## EXCERPTED RECORDS
○ ○ ○ ○ ○ ○ ○

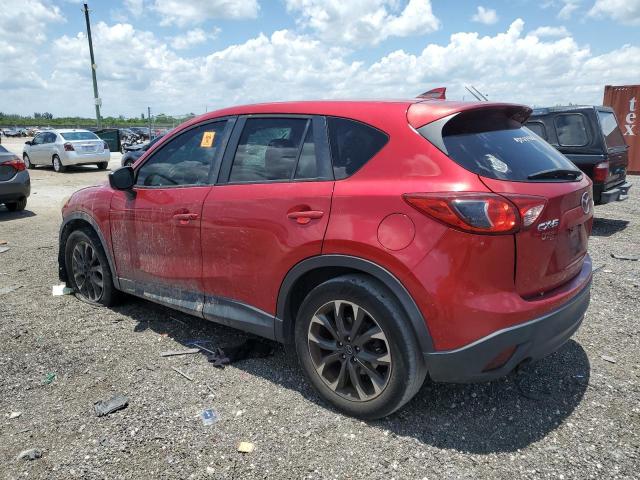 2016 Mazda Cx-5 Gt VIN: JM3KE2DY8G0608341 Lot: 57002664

○ ○ ○ ○ ○ ○ ○

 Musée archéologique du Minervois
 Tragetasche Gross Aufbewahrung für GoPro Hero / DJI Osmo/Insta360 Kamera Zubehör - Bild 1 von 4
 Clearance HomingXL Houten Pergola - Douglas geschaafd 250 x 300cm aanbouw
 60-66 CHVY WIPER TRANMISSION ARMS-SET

○ ○ ○ ○ ○ ○ ○

## TASK
All that is wanted is a faithful reproduction of the line above with "Musée archéologique du Minervois", the line with "60-66 CHVY WIPER TRANMISSION ARMS-SET", and every line in between.

## WRITTEN RESPONSE
 Musée archéologique du Minervois
 Tragetasche Gross Aufbewahrung für GoPro Hero / DJI Osmo/Insta360 Kamera Zubehör - Bild 1 von 4
 Clearance HomingXL Houten Pergola - Douglas geschaafd 250 x 300cm aanbouw
 60-66 CHVY WIPER TRANMISSION ARMS-SET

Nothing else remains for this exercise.